Als vollen Erfolg wertet die FDP Rottweil laut Mitteilung ihren traditionellen Politischen Aschermittwoch in der Hirschbrauerei Flözlingen. Im gut gefüllten Braulokal waren unter den rund 50 Gästen auch viele Vertreter der Lokalpolitik.
Rottweil- In seiner Ansprache ging der Rottweiler Landtagsabgeordnete Daniel Karrais auf die schwierige Situation nach dem Ausscheiden der FDP aus dem Bundestag ein: „Das tat weh, die Inhalte sind aber trotzdem richtig. Wir brauchen eine Stimme der Freiheit mit realistischen Ansätzen. Die CDU hat nicht mal einen Tag nach der Wahl alle zuvor gemachten Versprechen abgeräumt und direkt die Farbe ihres Koalitionspartners angenommen. Die Schuldenschleusen sind offen. Der versprochene Politikwechsel kommt wohl nicht“.
Zu den geplanten Sondervermögen in Höhe von knapp 900 Milliarden Euro sagte Karrais mit Augenzwinkern: „Das einzige Gute, an dem Investitionspaket ist, dass die Finanzierung des Pfaffensteigtunnels dann geklärt sein dürfte“. Die Investitionssumme klinge zwar gut, bedeute aber, dass das dringend notwendige Eindampfen des Sozialstaats auf ein Maß, das Leistung wieder lohnend macht, ausbleiben werde. Dies sei jedoch wichtig für den sozialen Frieden, so Karrais.
Mit Blick auf die kommende Landtagswahl sagte Karrais, dass es Aufgabe sein muss, die verlorenen Stimmen der FDP zurückzugewinnen.
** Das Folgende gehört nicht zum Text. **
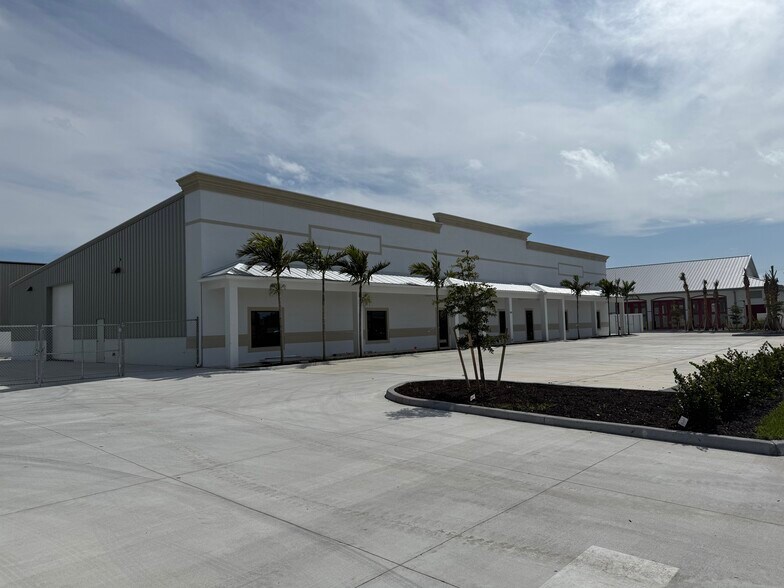 More Photos Of 669 Stonecrest Ln, Cape Coral Unknown For Lease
Dafür setze man auf eine funktionierende Verwaltung, bessere Bildung und mehr Freiheit als Antworten auf die Herausforderungen im Land, um Innovationen zu ermöglichen und die Abwanderung von Unternehmen zu stoppen.
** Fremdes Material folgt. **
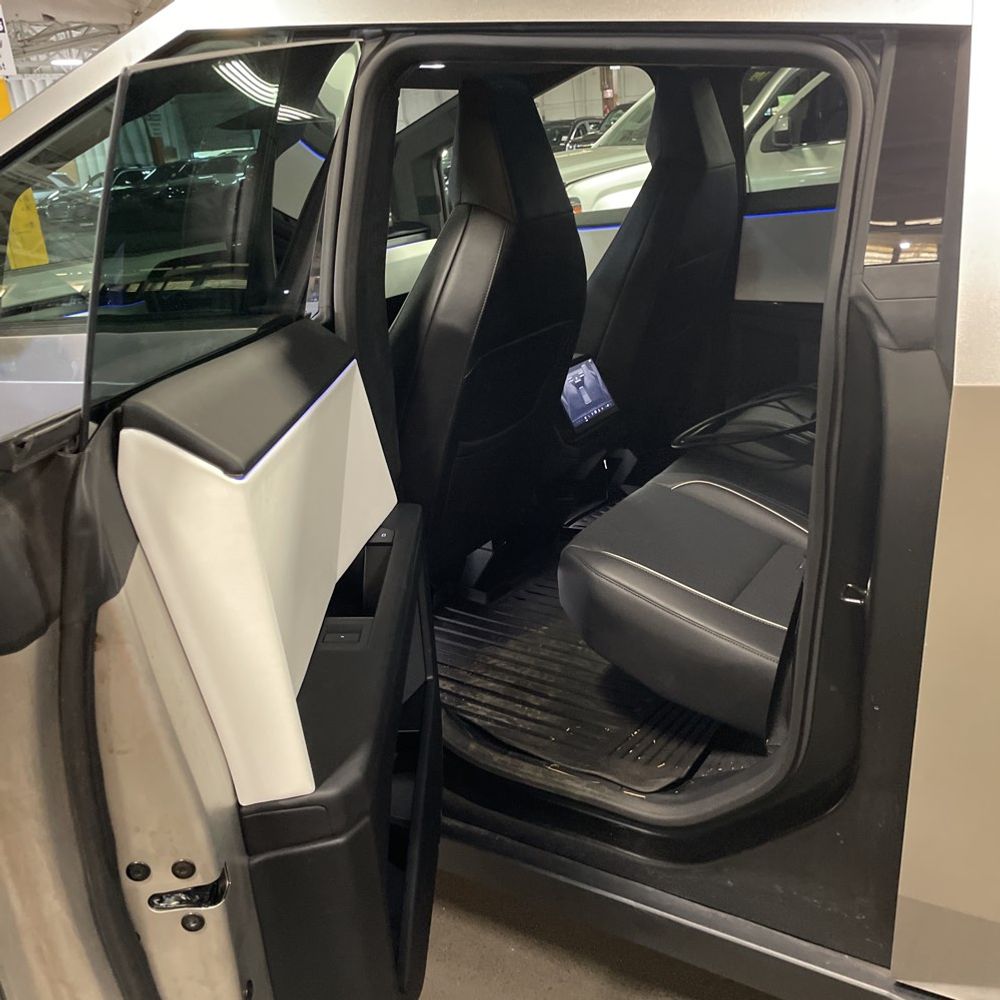 2024 Tesla Cybertruck Base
Als Gastredner des Abends sprach der Stuttgarter FDP-Abgeordnete und Sprecher für individuelle Mobilität der FDP-Landtagsfraktion, Friedrich Haag, über die grün-schwarze Verkehrspolitik. Die Pläne des baden-württembergischen Verkehrsministeriums für ein Landesmobilitätsgesetz kritisierte er scharf: „Dieses Gesetz muss genau so schnell fallen wie das Verbrennerverbot. Es kann nicht sein, dass Firmen und Menschen, die auf das Auto angewiesen sind, pauschal zur Kasse gebeten werden können. Das Auto wird für viele weiterhin das Verkehrsmittel der Wahl bleiben, auch mangels guter Alternativen“.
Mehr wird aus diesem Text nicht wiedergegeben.